Tiger trout are sterile hybrids of the brown trout (Salmo trutta) and the brook trout (Salvelinus fontinalis). Their name is derived from the exaggerated vermiculations that evoke a mental image of tiger stripes. Due to brook trout having 84 chromosomes and the brown trout 80 this hybrid rarely occurs naturally in the wild, although instances have been reported for decades.
Hatcheries are able to produce good numbers of tigers by fertilizing brown trout eggs with brook trout milt. However, the survival rate of the eggs is typically low, rarely exceeding 25%, compared to the 85% typically achieved with brown trout. Thanks to hybrid vigor, tiger trout reportedly grow much faster than either parentage.
Tiger’s markings are considerably different from their parents, and rather striking. The vermiculations of the male brook trout appear enlarged and twisted into a stripe-like pattern. Most also have a greenish cast, especially along the back.
Highly piscivorous (fish-eating), tiger trout are stocked not only for their sporting qualities, but also as a means of controlling stunted populations of brook trout and rough fish, such as suckers. Consequently, Utah Division of Wildlife Resources has been stocking them frequently, being sterile, they are able to control their population numbers also.
When fall water temperatures and day length perfectly align, brown trout are cued to begin their annual spawn. Providing the egg component, female brown trout are netted and her eggs are removed by gently stroking the fish’s belly in the direction of a vent, located just in front of the tail. Next, sperm from a male Trapper’s Lake brook trout is added to the pan along with a splash of water, to activate the fertilization process.
Tiger Trout in Colorado
Tiger trout are sterile hybrids of male brook trout and female brown trout. While they rarely occur naturally in nature, they are stocked as a control measure for stunted brook trout and rough fish, such as suckers, in Colorado by Colorado Parks and Wildlife. In addition to being used as a control measure, they offer fisherman an excellent sport fish opportunity.

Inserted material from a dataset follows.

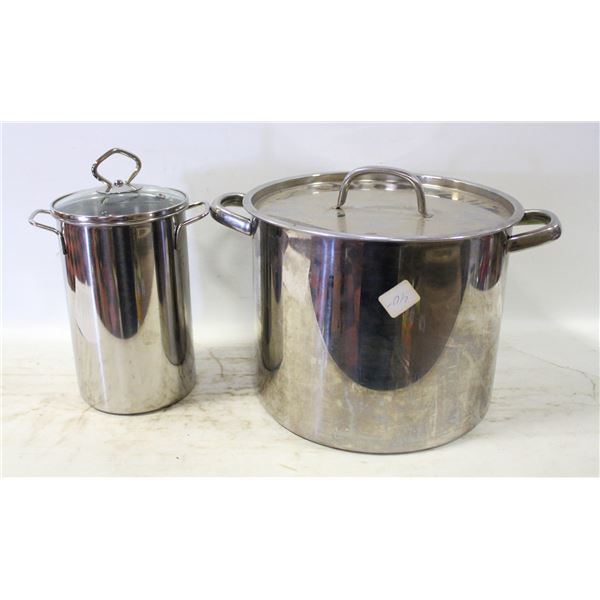 LARGE LIDDED COOKING POT WITH SMALL TALL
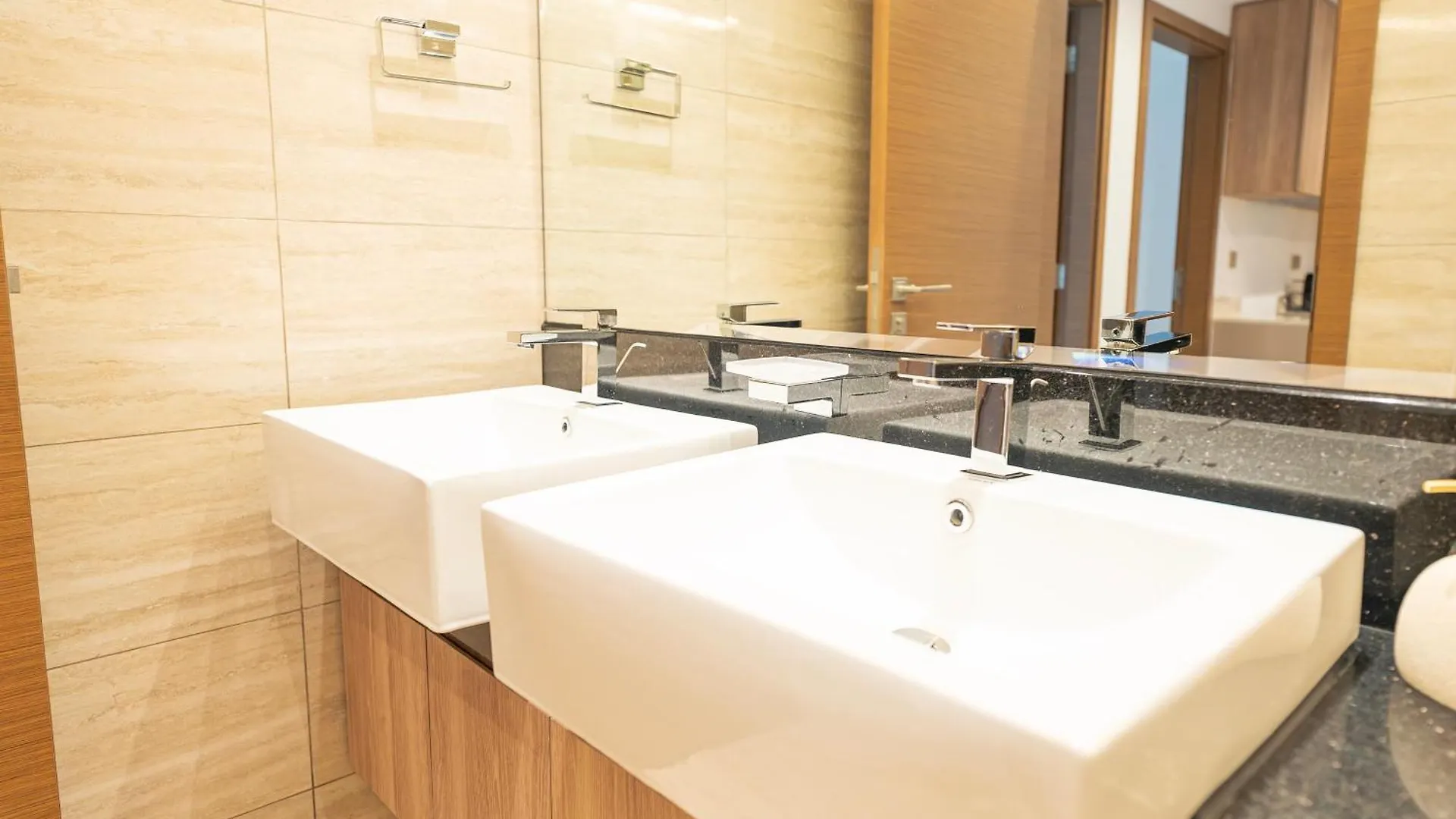 Elegant 2-Bedroom Apartment, Branded & Luxury Amenities Dubai United Arab Emirates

Because of hybrid vigor and nature of the species, tiger trout are known for their quick growth rate as well as large overall size. Tigers are fairly disease resistant, making them a valuable species with their resistance to whirling disease. Again, because of their parent species, they are best targeted with minnow imitation lures and flies once they are big enough to switch over to a fish diet.
Their coloration and markings very greatly from brightly buttered color to extremely dull grey. Overall, the vermiculations otherwise known as "worm shapes" on top of a brook trout are more pronounced that often look like a tiger pattern. In addition to tiger striping you will also find larger uniformed colored spots. While most trout show a mixture of multiple colors within their body, Tiger Trout will most often only have two major colors.
Because these fish are created within a laboratory setting and are more expensive to create, please consider catch and release of this species.
-Courtesy Alan Peak
Anglers salivating to knock this species off the proverbial bucket list will have additional opportunities in the near future as Colorado Parks and Wildlife plans to expand production by collecting trout eggs and sperm at additional lakes, other than North Delany (browns) and Trappers (brook trout). For those that simply cannot wait, a select group of waters near Cameron Pass were stocked with tiger trout in 2011, with additional stocking planned for in 2013 for mountain lakes within the Poudre and Big Thompson River drainages.